### Task statement
Starting with the line with "115 Indian Rock Road Windham NH 03087" in the entries below and going on through the line with "Suspension Pisces", output every line exactly and nothing more. No pictures.

### Input material
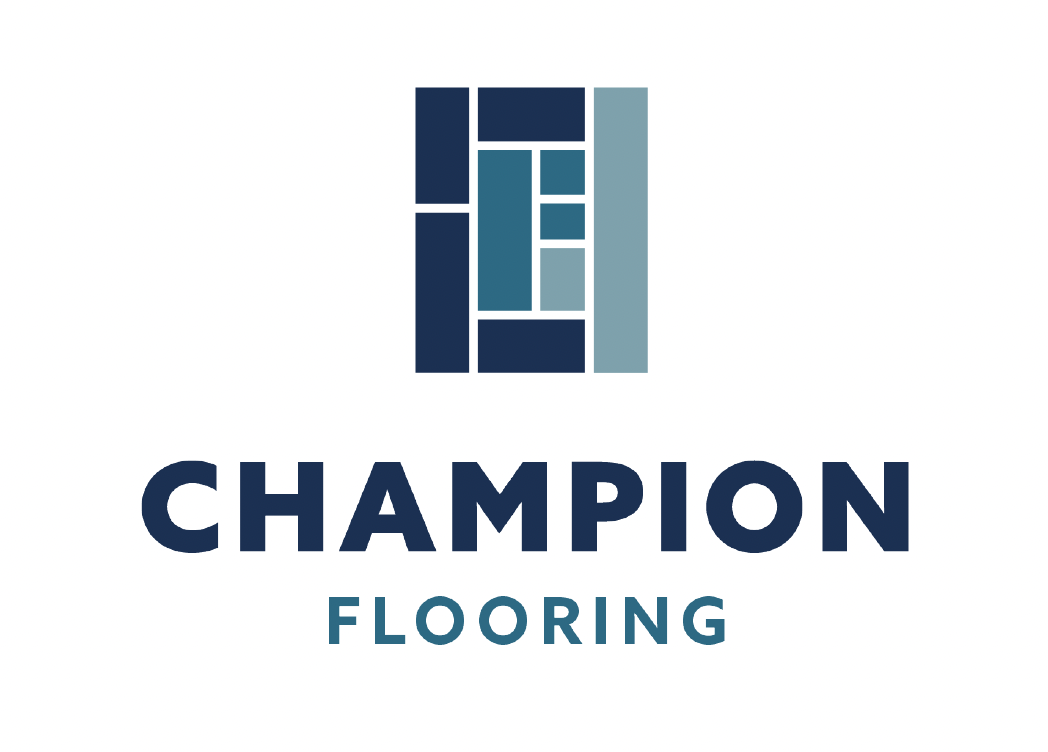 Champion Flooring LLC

...

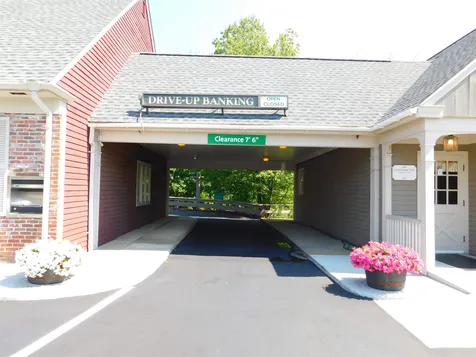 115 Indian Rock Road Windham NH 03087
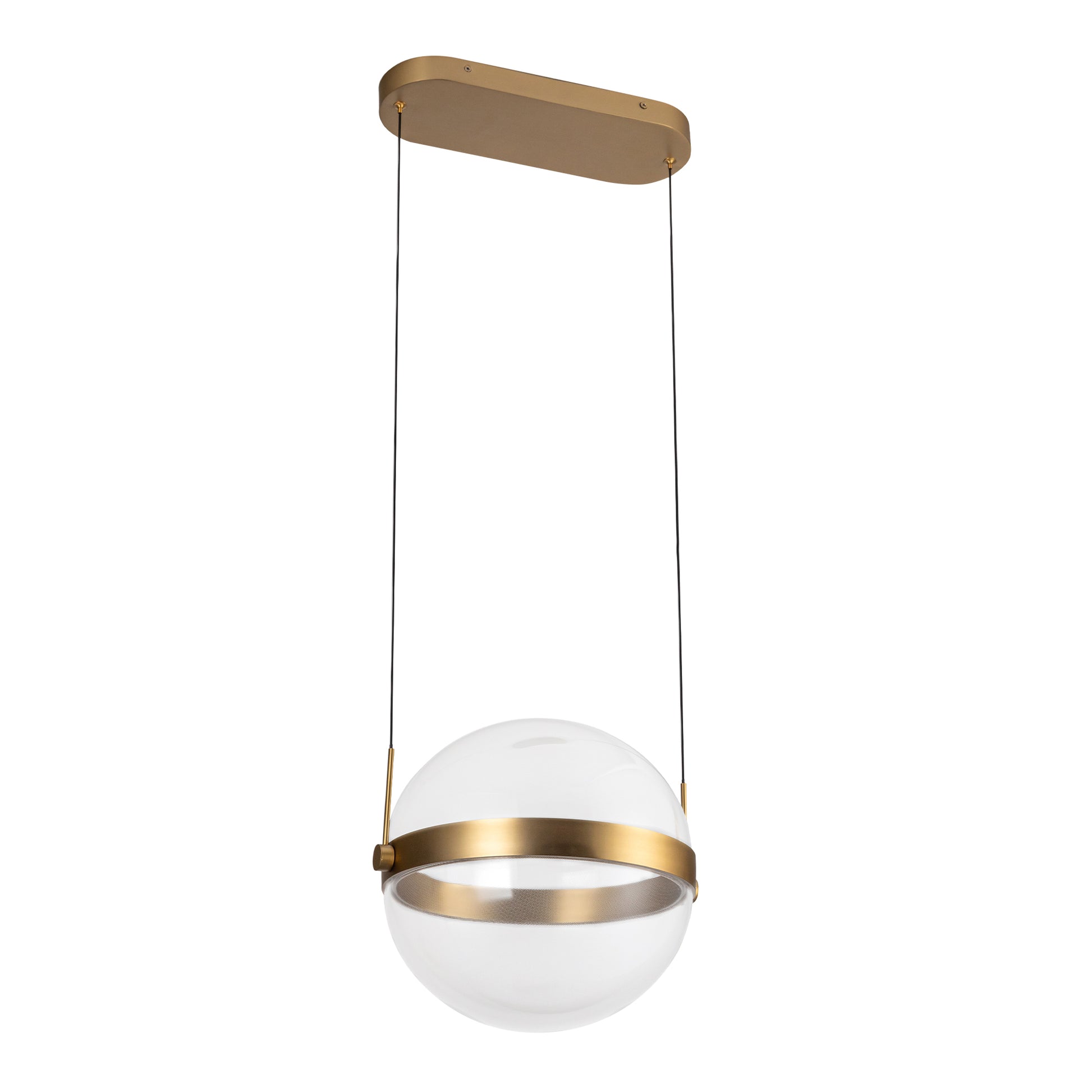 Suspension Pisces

### The answer
 115 Indian Rock Road Windham NH 03087
 Suspension Pisces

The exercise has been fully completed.